Die Frage, welche Kostüme zu Fasching diskriminierend sind und welche nicht, wird seit Jahren diskutiert. Auch in letzter Zeit gab es immer wieder Fälle, die für Aufsehen sorgten. Ein Beispiel kommt aus Prossen in Sachsen, einem Ortsteil von Bad Schandau in der Sächsischen Schweiz. Dort war bei einem Faschingsumzug im Januar ein Wagen mit "Asyl-Ranch" betitelt. Ein Mann im Regenbogen-Outfit wurde an einen Marterpfahl gebunden. Für Gegenwind sorgte auch ein Foto aus der hessischen Staatskanzlei. Ministerpräsident Boris Rhein hatte sich mit einer Karnevalsdelegation fotografieren lassen – darunter auch ein Mann mit schwarz angemaltem Gesicht, sogenanntes "Blackfacing".

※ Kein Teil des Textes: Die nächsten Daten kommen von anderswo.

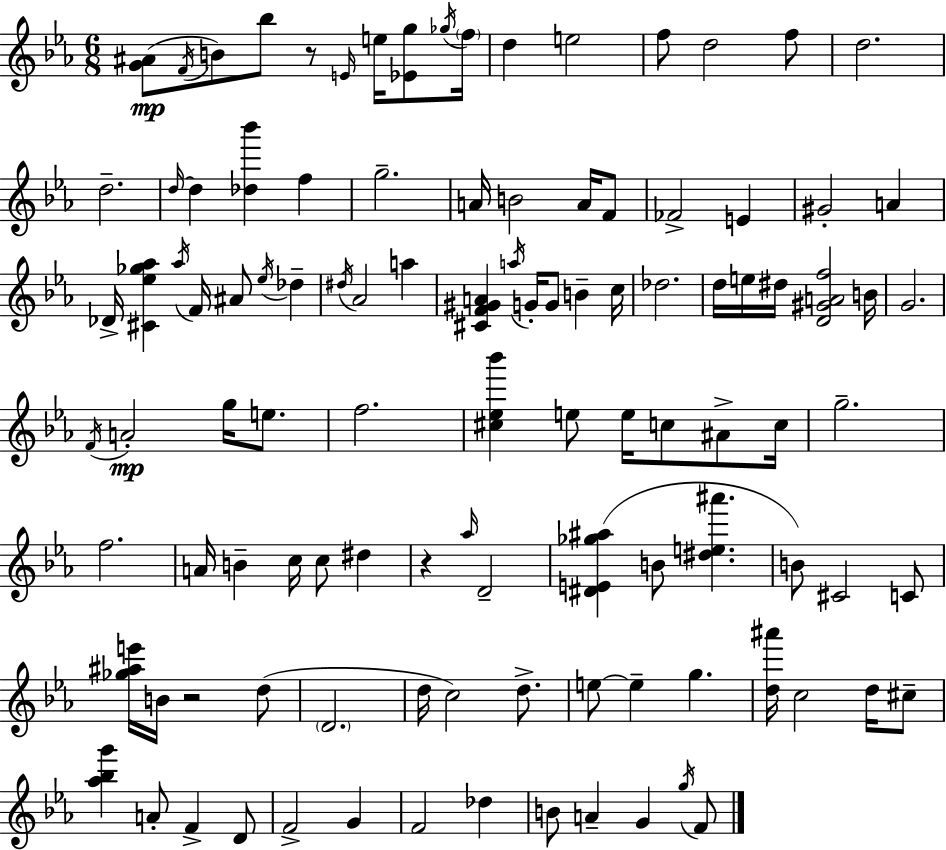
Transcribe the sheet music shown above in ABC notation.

"Mit der Vergangenheit setzen sich viele nicht auseinander"

MDR recap hat mehrere Karnevalsvereine und -verbände angefragt, ob problematische Kostüme bei ihnen ein Thema sind und wie damit umgegangen wird. Viele Vereine haben nicht reagiert. Der "Verband Sächsischer Carneval" teilte jedoch mit, das Thema sei eher wenig auf dem Schirm. Man lehne alles ab, was rassistisch sei.

Die Kritik an "Indianer"-Kostümen kommt vor allem aus einem historischen Kontext. So wurden Millionen indigene Amerikaner auf dem Gebiet der heutigen USA vergewaltigt, vertrieben und ermordet. Das Ganze begann mit der Ankunft europäischer Siedler im 15. Jahrhundert.

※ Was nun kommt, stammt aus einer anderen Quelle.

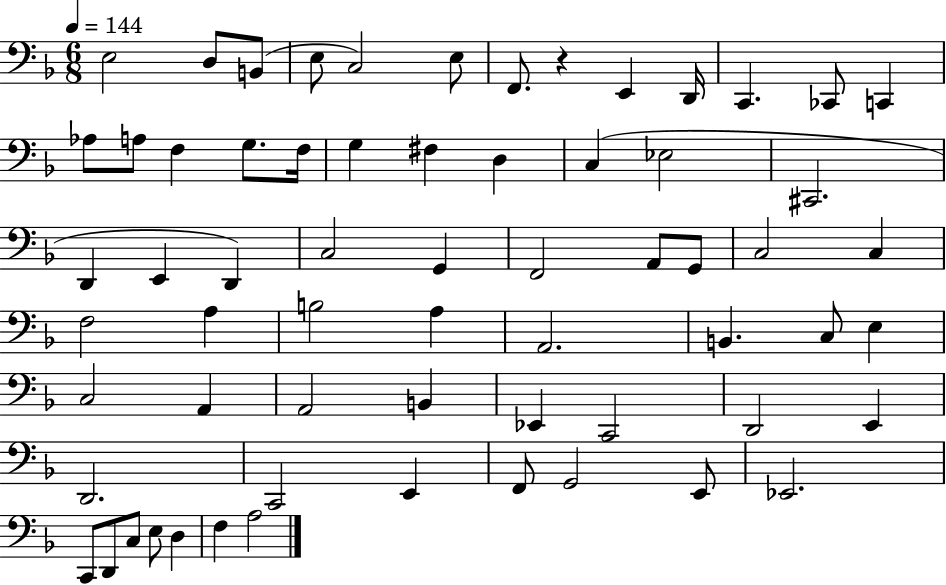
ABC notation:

X:1
T:Untitled
M:6/8
L:1/4
K:F
E,2 D,/2 B,,/2 E,/2 C,2 E,/2 F,,/2 z E,, D,,/4 C,, _C,,/2 C,, _A,/2 A,/2 F, G,/2 F,/4 G, ^F, D, C, _E,2 ^C,,2 D,, E,, D,, C,2 G,, F,,2 A,,/2 G,,/2 C,2 C, F,2 A, B,2 A, A,,2 B,, C,/2 E, C,2 A,, A,,2 B,, _E,, C,,2 D,,2 E,, D,,2 C,,2 E,, F,,/2 G,,2 E,,/2 _E,,2 C,,/2 D,,/2 C,/2 E,/2 D, F, A,2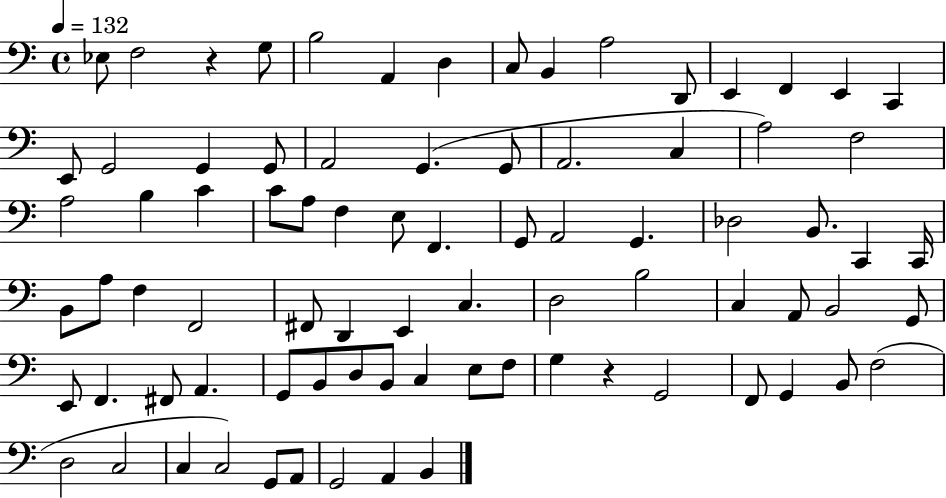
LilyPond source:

{
  \clef bass
  \time 4/4
  \defaultTimeSignature
  \key c \major
  \tempo 4 = 132
  ees8 f2 r4 g8 | b2 a,4 d4 | c8 b,4 a2 d,8 | e,4 f,4 e,4 c,4 | \break e,8 g,2 g,4 g,8 | a,2 g,4.( g,8 | a,2. c4 | a2) f2 | \break a2 b4 c'4 | c'8 a8 f4 e8 f,4. | g,8 a,2 g,4. | des2 b,8. c,4 c,16 | \break b,8 a8 f4 f,2 | fis,8 d,4 e,4 c4. | d2 b2 | c4 a,8 b,2 g,8 | \break e,8 f,4. fis,8 a,4. | g,8 b,8 d8 b,8 c4 e8 f8 | g4 r4 g,2 | f,8 g,4 b,8 f2( | \break d2 c2 | c4 c2) g,8 a,8 | g,2 a,4 b,4 | \bar "|."
}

Wenn du die Kultur der 'Native Americans' wirklich wertschätzen würdest, würdest du ihnen zuhören und nicht vorgeben, so zu sein wie sie.

Red Haircrow, Native American und Filmemacher

Im 19. Jahrhundert setzte die US-Regierung das Gesetz des "Indian Removal Act" um. Tausende Indigene wurden gezwungen, ihr Land zu tauschen oder zu verkaufen und mehr als 1.000 Kilometer in den Westen zu ziehen – der sogenannte "Pfad der Tränen". Die heutigen Kostüme würden jedoch nur ein romantisiertes Bild der indigenen Völker abbilden und das Negative ausblenden, kritisiert Red Haircrow, Psychologe, Filmemacher und selbst "Native American".

Kostüme bei Kindern sind Ausdruck ihrer eigenen Interessen

Doch nicht jeder, der ein "Indianer"-Kostüm trägt, hat böse Absichten. Manche sagen, sie würden sogar die Kultur bewundern. Helden aus Büchern und Filmen stehen gerade bei Kindern hoch im Kurs. Hier sei wichtig, dass Kinder sich als das verkleiden dürften, was sie wollen, sagt Kulturwissenschaftlerin Nina Reuther. Aber es sei Aufgabe der Eltern, die Kostüme zu hinterfragen und die problematischen Aspekte ihren Kindern zu erklären.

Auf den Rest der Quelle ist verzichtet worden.